Только перестали говорить про Тельмана, как, здрасте, пошли разговоры за войну. А почему бы им не пойти, если через всё, что только можно, стали кричать, что в случае чего мы ответим ударом на удар, причём делать это будем только на чужой земле? Газеты были переполнены злыми карикатурами, одну из которых я помню до сих пор. Свинья в каске со свастикой просунула нос через нашу границу, а богатырь-красноармеец проткнул его штыком.
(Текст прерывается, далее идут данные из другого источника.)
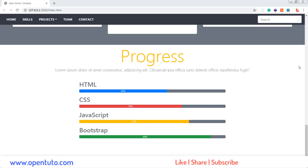Bonjour les amis, j'espère que vous allez bien. C'est la vidéo avant la dernière, avant de compléter cette formation sur Bootstrap 4. Uniquement avec Bootstrap 4. Comme vous l'avez remarqué, nous allons utiliser très très peu de CSS. C'est une utilisation très négligeable.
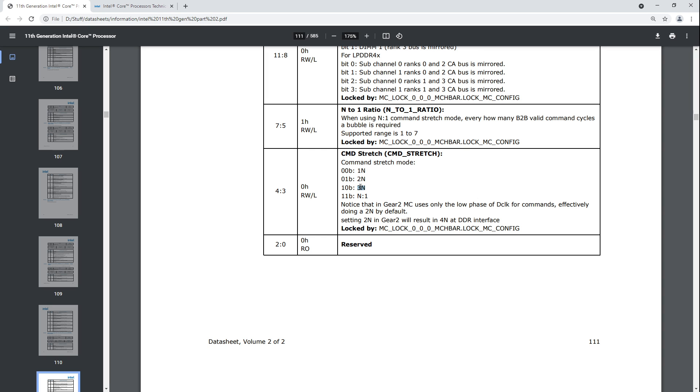Anyway, then we have 3n, which is basically only used for max memory frequency validations, because it's terrible for performance. Then we have 2n, which on 11th gen, you really shouldn't be using 2n. On 10th gen, this is what you would normally use if you're trying to push for higher memory frequencies, because it is a huge stability booster at high memory clocks. And then 1n, which is sort of maximum performance at the penalty of a lot of, in a lot of situations, 1n doesn't really work on 10th gen CPUs.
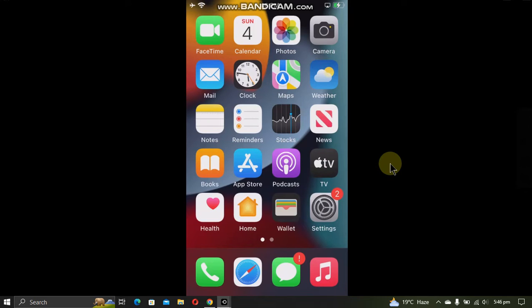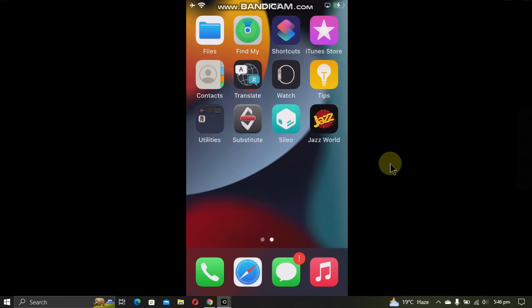Greetings and welcome to another video. In this video I'll show you an iOS 15 jailbreak detection bypass. This method is completely free and legit, and allows you to use apps that do not work while jailbroken.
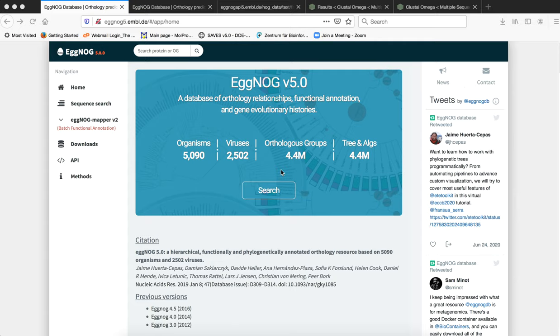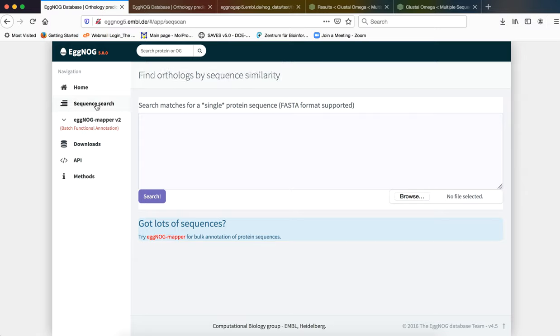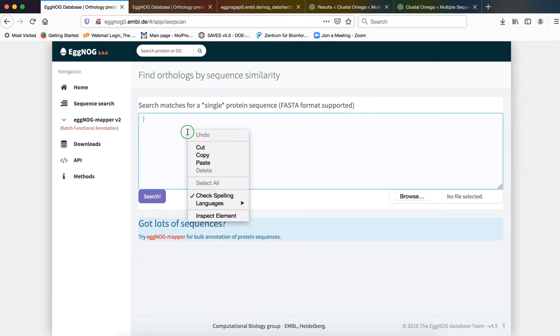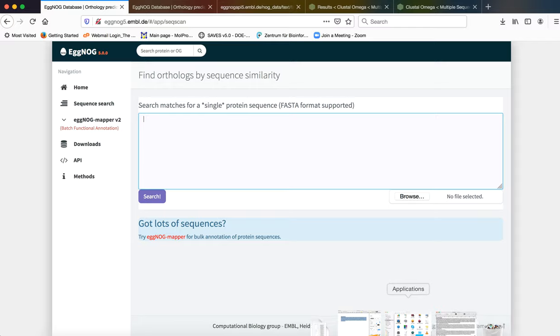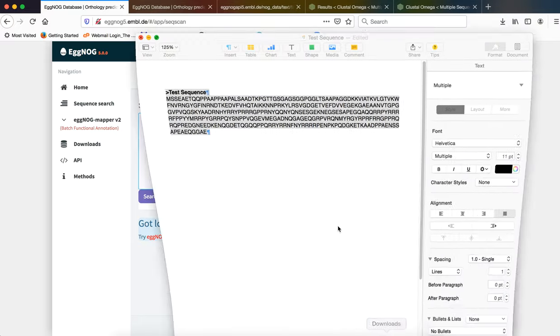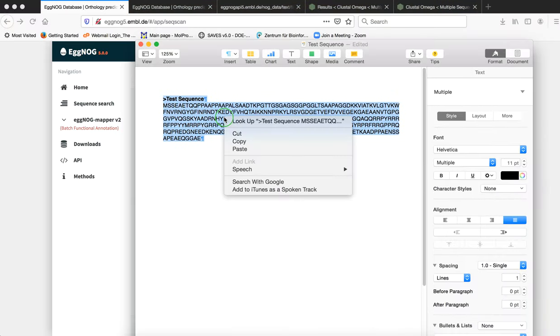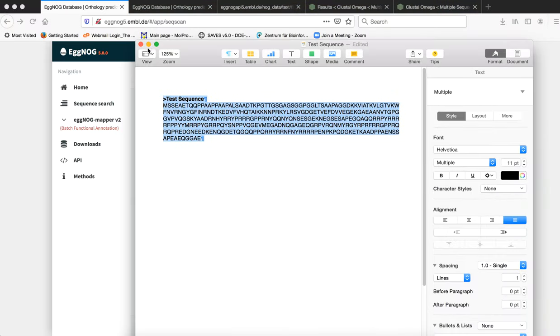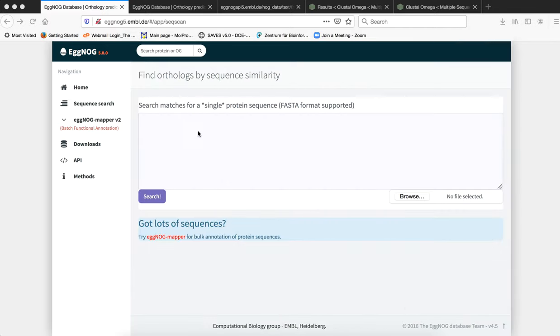Let us check out how we can submit our sequence. We will go to the option of sequence search in eggNOG and we will submit our sequence of interest which is our test sequence as we have been using for our analysis.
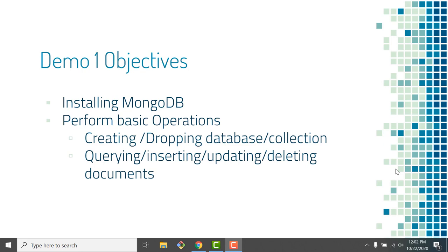This first demo is about how to set up MongoDB on your system. It's mainly focused on Windows, but you can look up the steps for Linux, Mac, or any other operating system. The objectives are to make sure MongoDB is installed and we can perform basic operations before moving to the next demo where we consume MongoDB from Node.js applications.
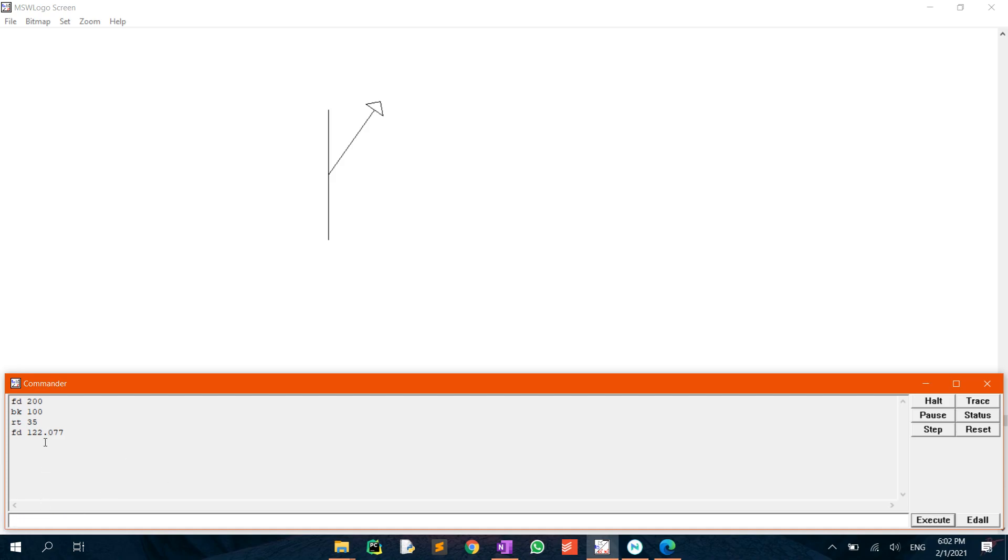We then want to return the turtle to its previous position. Click on the previous command then replace FD by BK and click enter.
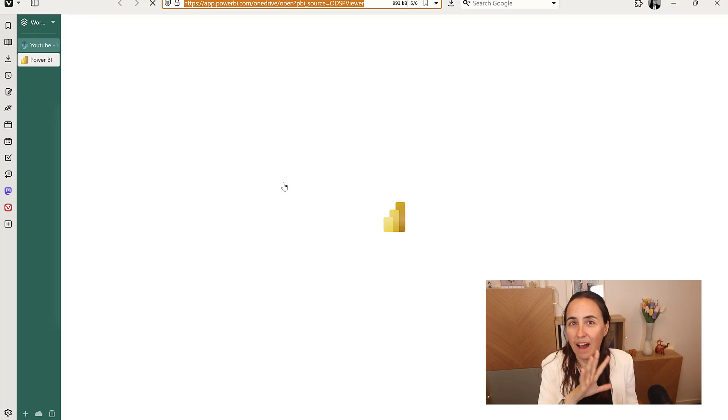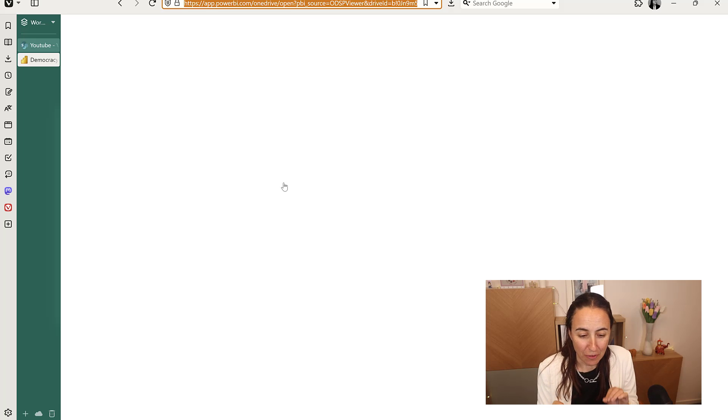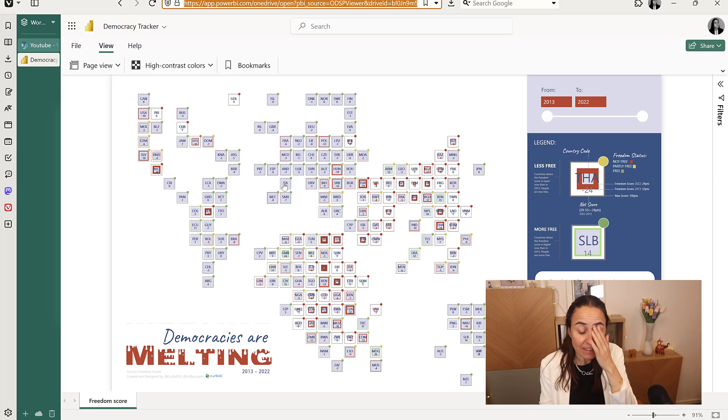Ladies and gentlemen, I have the best news ever for business users. They just released this — you can now open Power BI reports directly on SharePoint or OneDrive. I'm here on SharePoint, I have a Power BI report, I haven't done any specific settings, and in a second it's going to open. This is so cool!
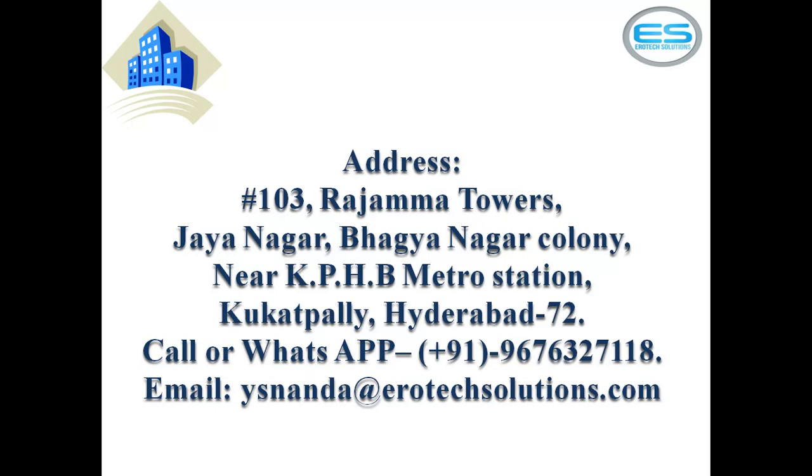You can reach personally to our office which is located in Housing Board, near Metro Station, Kukatpalli, Hyderabad, 572. And if you have any queries, please write an email to ysnanda at aerotech solutions dot com. Thanks for watching.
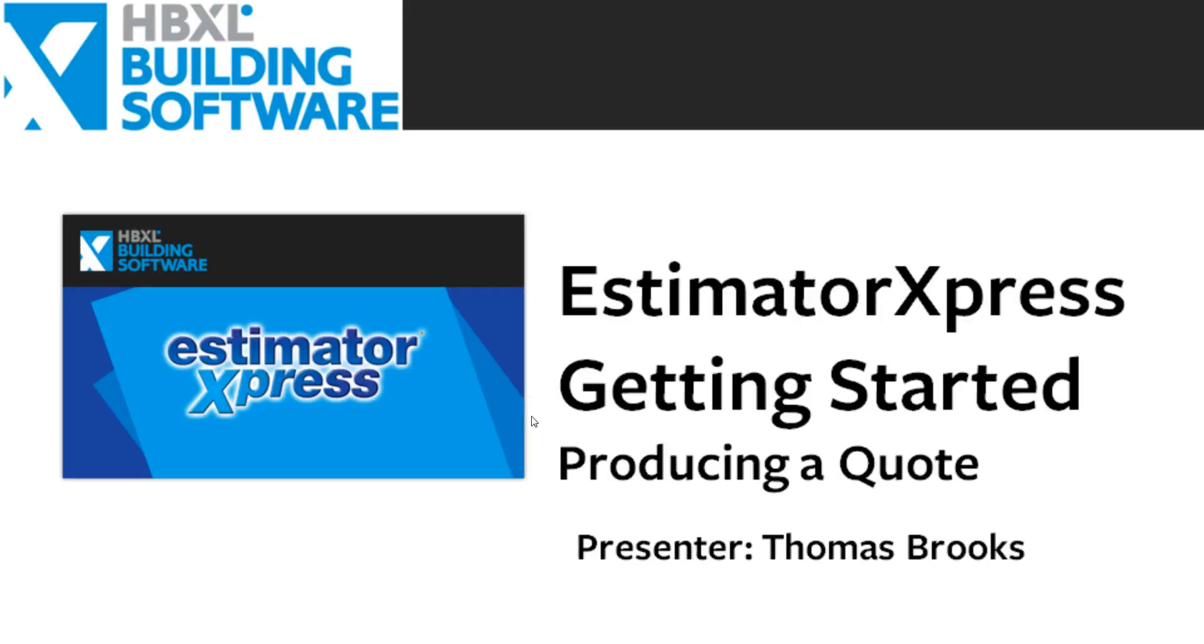Hi, welcome to this Estimator Express Getting Started video. In this video we shall be taking a look at producing a quote.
И подпись: «Не суй свое свиное рыло в наш советский огород!» По радио зазвучали песни, на которых росло моё поколение.
Гремя огнём, сверкая блеском
стали,
Пойдут машины в яростный
поход,
Когда нас в бой пошлёт
товарищ Сталин
И первый маршал в бой нас
поведёт.
Или:
Если завтра война, если завтра
в поход,
Если чёрная сила нагрянет,
Как один человек, весь
советский народ
За любимую Родину встанет.
Эта песня из кинофильма «Если завтра война». Трудно было, наверное, найти человека, который бы его не посмотрел. Я смотрел его несколько раз. И каждый раз, когда я видел, как Красная Армия расправляется с врагом, у меня от восторга захватывало дыхание. Грохотали пушки, мчались с пиками наперевес лихие кавалеристы, сметая преграды, неслись танки. Враг в панике бежал. А с неба наши «бомбовозы» обрушивали на него свой смертоносный груз. В конце фильма ликующие граждане неизвестной страны встречали бойцов и командиров Красной Армии, освободивших их от буржуев, объятиями и цветами. Ну, так скажите, могли ли на Гончарной не заговорить о войне, если вокруг происходило такое?
В нашем доме, где жили несколько семей, все новости обсуждались на высоком крыльце. Взрослые рассаживались на ступеньках, к ним подходили из соседних домов, и начинались разговоры. В последнее время разговоры шли только о войне, то есть каким боком эта война, если она нит догедахт (не приведи Господь) начнётся, коснется евреев. Мнения, как всегда, были разные. Одни говорили, что это всё вообще а пустэ майсэ (чепуха): никакой войны не будет, просто весь этот шум поднят, чтобы люди подписались на новый заем. Другие доказывали, что война таки будет, что всё к этому идёт.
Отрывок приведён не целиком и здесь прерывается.